与党税制改正大綱決定:政府批判が高まるなか世論への配慮色濃く
定額減税は必要か
自民・公明両党は12月14日、2024年度の与党税制改正大綱をまとめた。目玉となったのは、政府が総合経済対策で決めた1人当たり4万円の定額減税だ。所得税3万円と住民税1万円の定額減税は2024年6月に実施される。議論が続いた所得制限については、国会議員を減税対象から外して国民の批判をかわす狙いもあり、年収2,000万円を上限とした。減税は納税者本人に加えて配偶者を含めた扶養家族も対象とする。 定額減税の総額は3.6兆円程度であり、これは1年間の実質GDPを+0.12%押し上げると試算される(コラム「減税・給付の総額は5.1兆円、GDP押し上げ効果は+0.19%:費用対効果は高くない(経済対策推計アップデート)」、2023年10月30日)。国民負担となる3.6兆円という巨額の資金を使いながら、1年間の景気浮揚効果は+0.12%とかなり限定的であり、費用対効果の低い政策と映る。
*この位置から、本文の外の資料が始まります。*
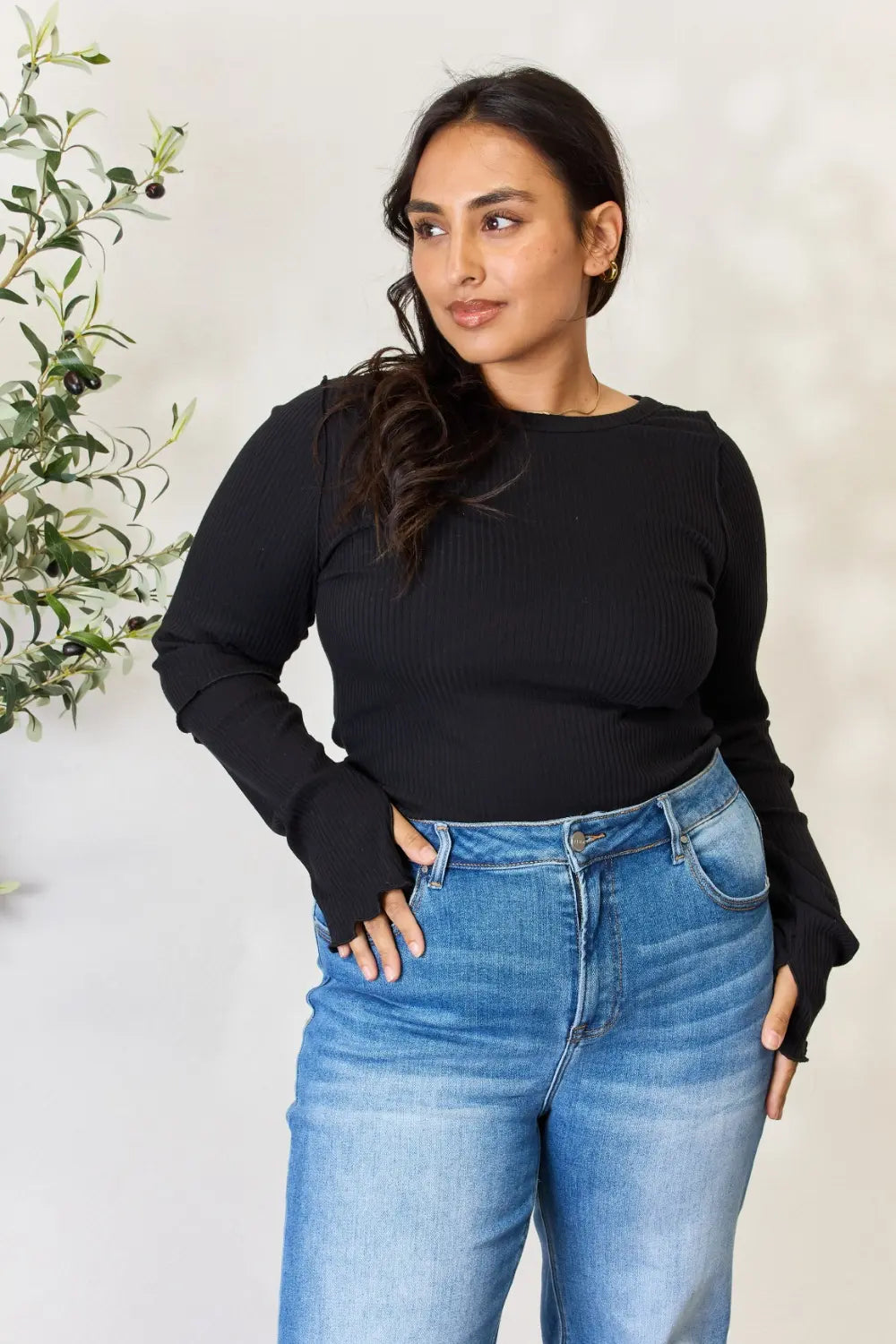 Women's apparel – product view 3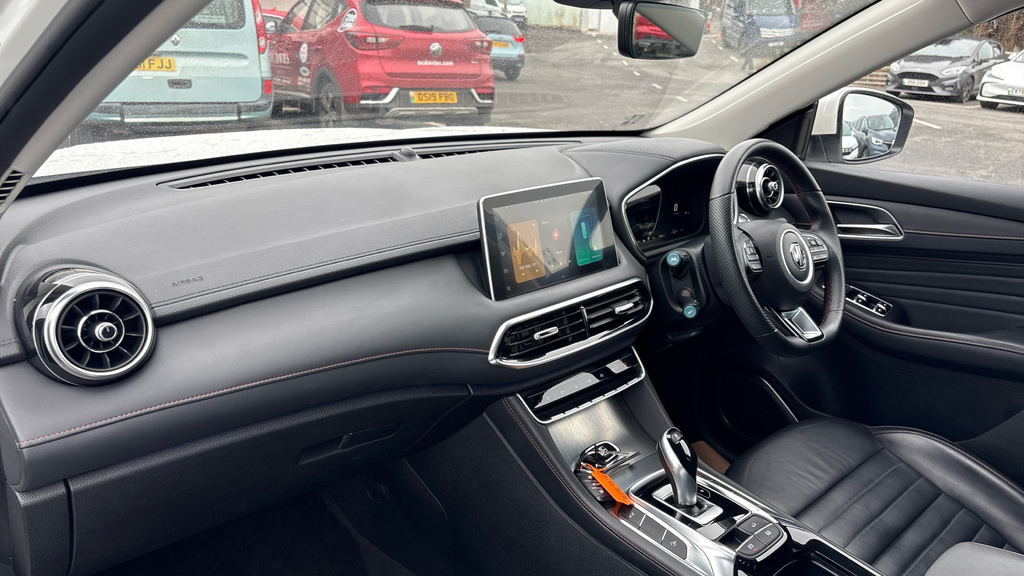 MG HS 1.5 T-gdi 16.6Kwh Trophy Suv Plug-in Hy LG73FEW White #6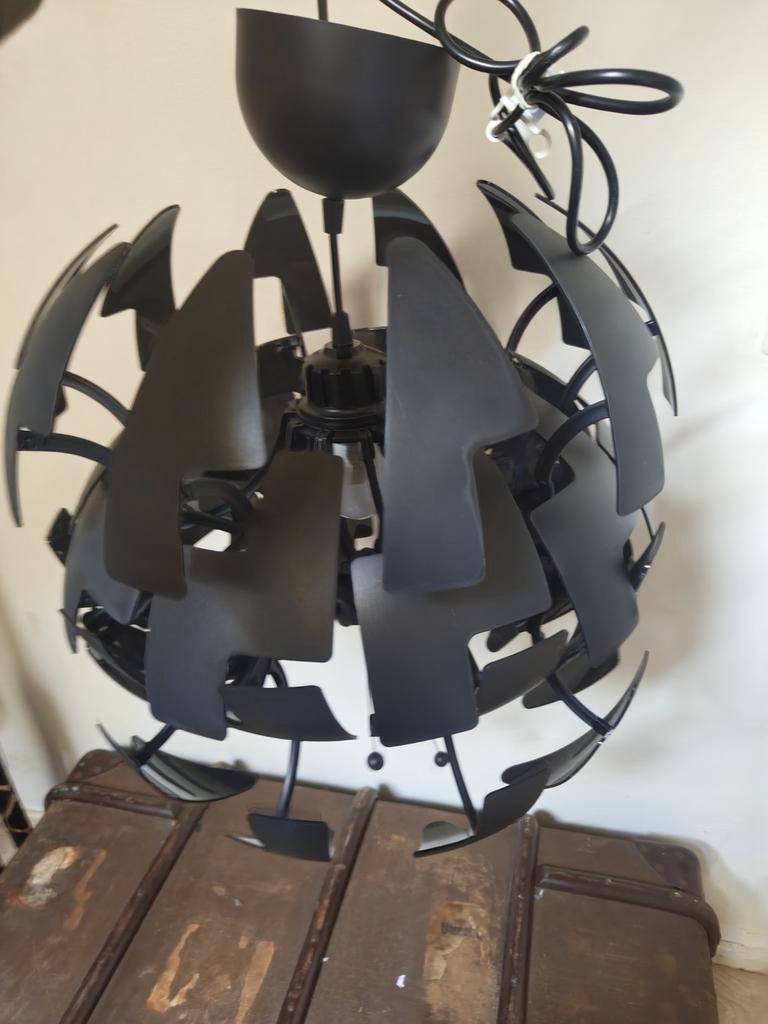 Zwarte IKEA PS hanglamp - Modern en verstelbaar, Gebruikt, Modern, Industrieel, Ophalen of Verzenden, Metaal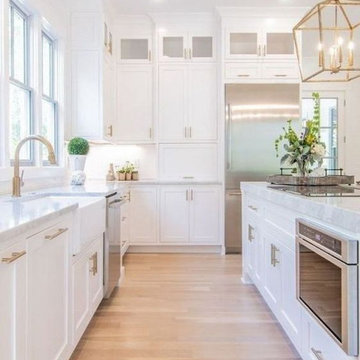 White Kitchen Cabinets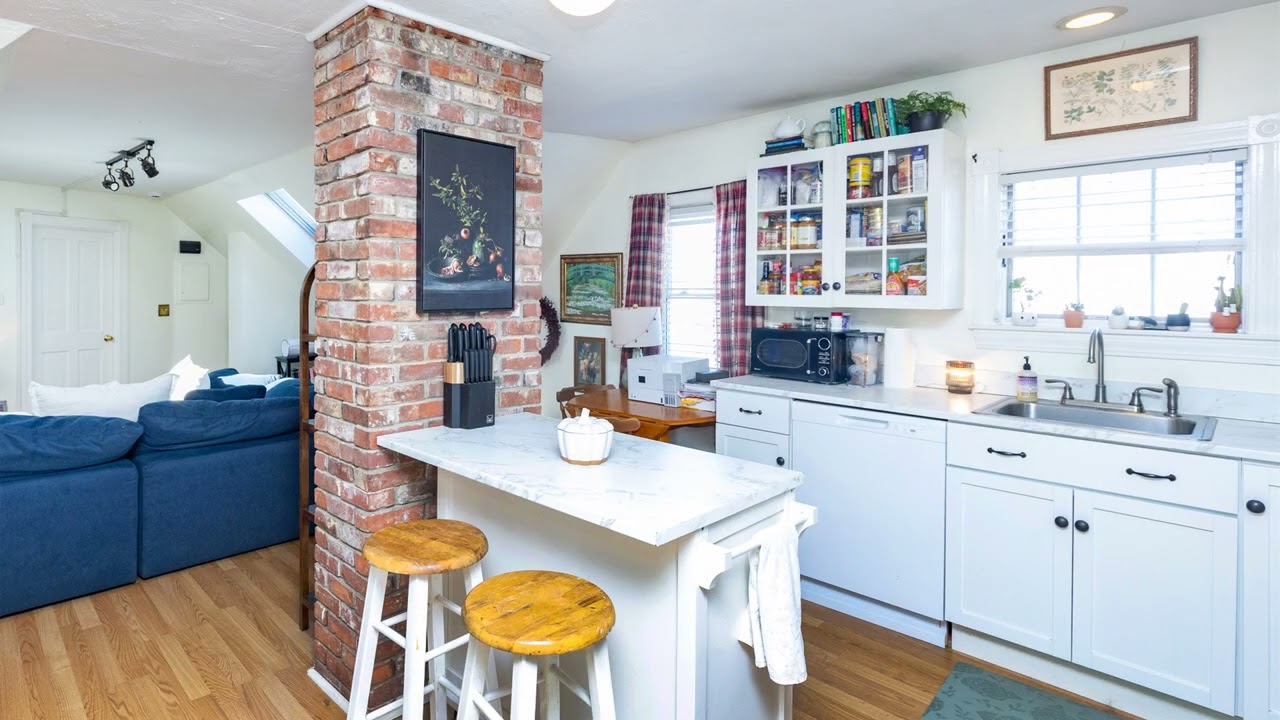 16 Bentley St, #3, Salem, MA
効果が小さいのは、時限措置としたことで、減税のうち貯蓄に回る分が大きくなるためだ。 ただし、経済効果が小さいことよりも、現在の比較的安定した経済環境のもとで、減税措置が必要であるかどうかの方がまず問われるべきだ。 また物価高対策として実施するのであれば、物価高で生活が強く圧迫される低所得者中心の施策とすべきだろう。
定額減税が長期化してしまうリスク
政府は1年の時限減税としたが、複数年の減税とする可能性を排除すべきではないとする公明党の意見を反映し、大綱では「今後、賃金、物価などの状況を勘案し、必要があると認めるときには、所要の家計支援措置を検討する」との文言が挿入され、1年間の減税で終わらない可能性をにじませた。 来年の経済環境には下振れリスクがあると思われるが、その結果、定額減税が1年間の時限措置で終わらずに、恒久減税措置に転化してしまう恐れがあるのではないか。それは2兆円超の恒常的な税収不足を生じさせ、現在の極めて厳しい財政環境を一段と悪化させてしまう。さらにそれが国債発行で穴埋めされる場合には、将来への負担の転嫁から将来の成長期待が損なわれてしまう恐れがあるだろう。